Protocolares

A impessoalidade do formalismo nos conduz

ao aperto formal das mãos vazias.

Apenas o vácuo abraçamos. Talvez nem nostálgicos.

Nada mais somos. Apenas fantoches

de quem o Mundo faz deboche.

A perenidade que um dia supomos, esvaiu-se na falta de tempo

das agendas repletas de vidas incompletas.
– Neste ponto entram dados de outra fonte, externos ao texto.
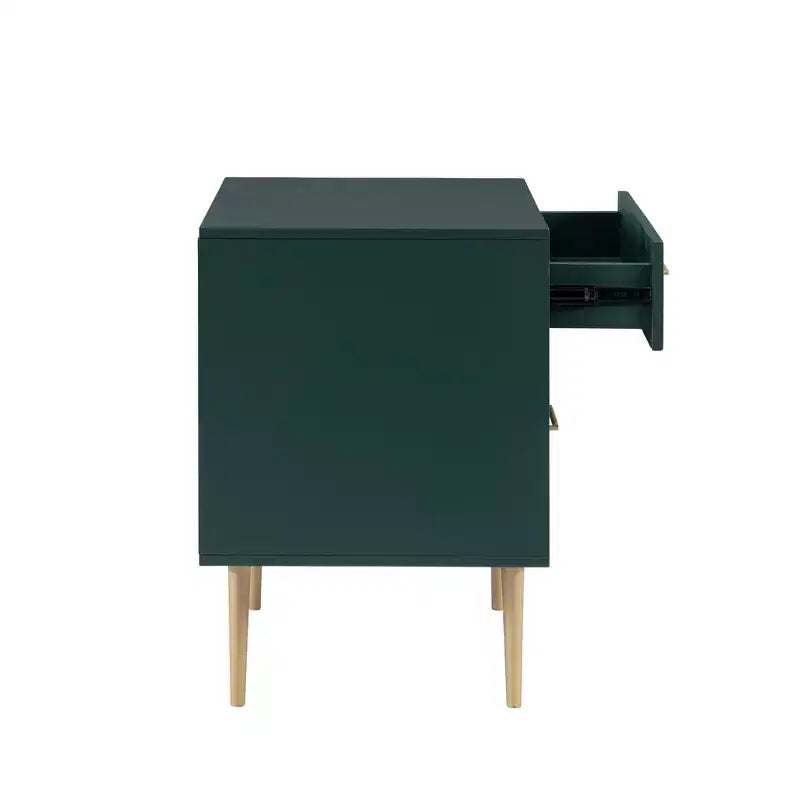 Table de chevet à 2 tiroirs Gloria | Table de chevet compacte avec rangement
Mas estamos adestrados e trocamos beijos insipidos,

em honra aos falsos deuses límpidos.

Pessoas comportadas, civilizadas, dirão.

De rostos sérios e isentos de mistérios.

Cínicos e cônscios de nossa covardia,

participamos da elegante hipocrisia

que tudo nos tomou.

Até a antiga dor,

pelo amor que não vingou.

Mas somos pessoas elegantes que sufocam as mágoas.

E no entanto, no fundo, sabemos, como sabem quem nos classifica,

da dor que se sente e do vazio que tudo modifica

quando cada qual segue um caminho desigual.

Todos sabemos, mesmo que disfarcemos,

o quanto ficamos menores

quando os jardins deixam de ser regados

e os poemas são apagados.

Todos sabemos, mas nada dizemos.

É preciso cumprir o protocolo e seguir as formalidades.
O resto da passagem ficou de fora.